Gensim: lemmatize: StopIteration error in Python 3.7

Created on 8 Apr 2019  路  12Comments  路  Source: RaRe-Technologies/gensim

Problem description

Trying to run simple lemmatization as described in the documentation. Getting:
RuntimeError: generator raised StopIteration

Steps/code/corpus to reproduce

from gensim.utils import lemmatize
lemmatize('Hello World! How is it going?! Nonexistentword, 21')

Versions

Darwin-17.7.0-x86_64-i386-64bit
Python 3.7.2 (default, Dec 29 2018, 00:00:04) 
[Clang 4.0.1 (tags/RELEASE_401/final)]
NumPy 1.16.2
SciPy 1.2.1
gensim 3.7.1
FAST_VERSION 1

Most helpful comment

There is no need to use StopIteration on python generators. Remove all StopIterators, or adds a try execpt outside all functions that returns an generators. Infact you can comment the StopIterator inside _read method (pattern\text__init__.py", line 609, in _read)

**BEFORE**
...
StopIteration
#return

AFTER

...
#StopIteration
return

TL;DR
The problem is when pattern tries to lemmatize, it uses a file or libraries that are loaded in lazy mode, that means that only when you use the lemma function, it loads the libraries.

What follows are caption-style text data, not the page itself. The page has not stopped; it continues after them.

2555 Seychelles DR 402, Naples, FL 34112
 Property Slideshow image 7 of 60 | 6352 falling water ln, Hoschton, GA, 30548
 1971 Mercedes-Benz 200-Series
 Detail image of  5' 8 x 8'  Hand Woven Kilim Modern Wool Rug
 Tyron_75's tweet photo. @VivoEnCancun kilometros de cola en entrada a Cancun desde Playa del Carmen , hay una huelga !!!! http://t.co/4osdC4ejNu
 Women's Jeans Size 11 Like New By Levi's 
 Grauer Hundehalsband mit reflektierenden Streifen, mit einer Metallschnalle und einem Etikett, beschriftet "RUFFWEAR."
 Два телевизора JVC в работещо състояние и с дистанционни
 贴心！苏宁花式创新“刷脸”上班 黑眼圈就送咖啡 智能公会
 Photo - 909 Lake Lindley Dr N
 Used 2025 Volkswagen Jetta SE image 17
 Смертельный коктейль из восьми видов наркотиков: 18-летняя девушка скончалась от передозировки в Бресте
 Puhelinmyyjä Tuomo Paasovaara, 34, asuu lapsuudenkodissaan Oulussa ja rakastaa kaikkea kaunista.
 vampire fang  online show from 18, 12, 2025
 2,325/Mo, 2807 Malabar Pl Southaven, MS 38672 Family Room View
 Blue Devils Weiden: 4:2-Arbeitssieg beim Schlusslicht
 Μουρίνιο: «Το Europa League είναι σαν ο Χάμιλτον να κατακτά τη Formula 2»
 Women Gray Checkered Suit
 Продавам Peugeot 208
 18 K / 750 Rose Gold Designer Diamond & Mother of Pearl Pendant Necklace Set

But the method that raises the StopIteration exception, specifically, it fails when creating an instance of the Verbs class, which uses a lazy dictionary, that is, it loads when it is going to be used.

This is the doc of class Verbs inside pattern

"""
    A dictionary of verb infinitives, each linked to a list of conjugated forms.
    Each line in the file at the given path is one verb, with the tenses separated by a comma.
    The format defines the order of tenses (see TENSES).
    The default dictionary defines default tenses for omitted tenses.
"""

The real problem is inside the _read method, which has a poorly implemented generator, we can see it in the code

if path:
        if isinstance(path, str) and os.path.exists(path):
            # From file path.
            f = open(path, "r", encoding="utf-8")
        elif isinstance(path, str):
            # From string.
            f = path.splitlines()
        else:
            # From file or buffer.
            f = path
        for i, line in enumerate(f):
            line = line.strip(BOM_UTF8) if i == 0 and isinstance(line, str) else line
            line = line.strip()
            line = decode_utf8(line, encoding)
            if not line or (comment and line.startswith(comment)):
                continue
            yield line
raise StopIteration

The last raise StopIteration will be inside the if else condition, because if the parameter path is null or empty, this method will raise a StopIteration. It would be necessary to add an else after the if path and put the StopIteration inside the else. In addition, the StopIteration would have to be captured by try catch to capture that the file is not found in that path, and in this way it would return well if it finds the file.

if path:
        if isinstance(path, str) and os.path.exists(path):
            # From file path.
            f = open(path, "r", encoding="utf-8")
        elif isinstance(path, str):
            # From string.
            f = path.splitlines()
        else:
            # From file or buffer.
            f = path
        for i, line in enumerate(f):
            line = line.strip(BOM_UTF8) if i == 0 and isinstance(line, str) else line
            line = line.strip()
            line = decode_utf8(line, encoding)
            if not line or (comment and line.startswith(comment)):
                continue
            yield line
else:
    raise StopIteration

...
class Verbs(lazydict):
    def __init__
    ...
    def load(self):
        # have,,,has,,having,,,,,had,had,haven't,,,hasn't,,,,,,,hadn't,hadn't
        id = self._format[TENSES_ID[INFINITIVE]]
        try:
            for v in _read(self._path):
                v = v.split(",")
                dict.__setitem__(self, v[id], v)
                for x in (x for x in v if x):
                    self._inverse[x] = v[id]
        except StopIteration as no_path:
            raise("The path is empty or False")

All 12 comments

@ajdapretnar what's your version of Pattern? (import pattern; print(pattern.__version__))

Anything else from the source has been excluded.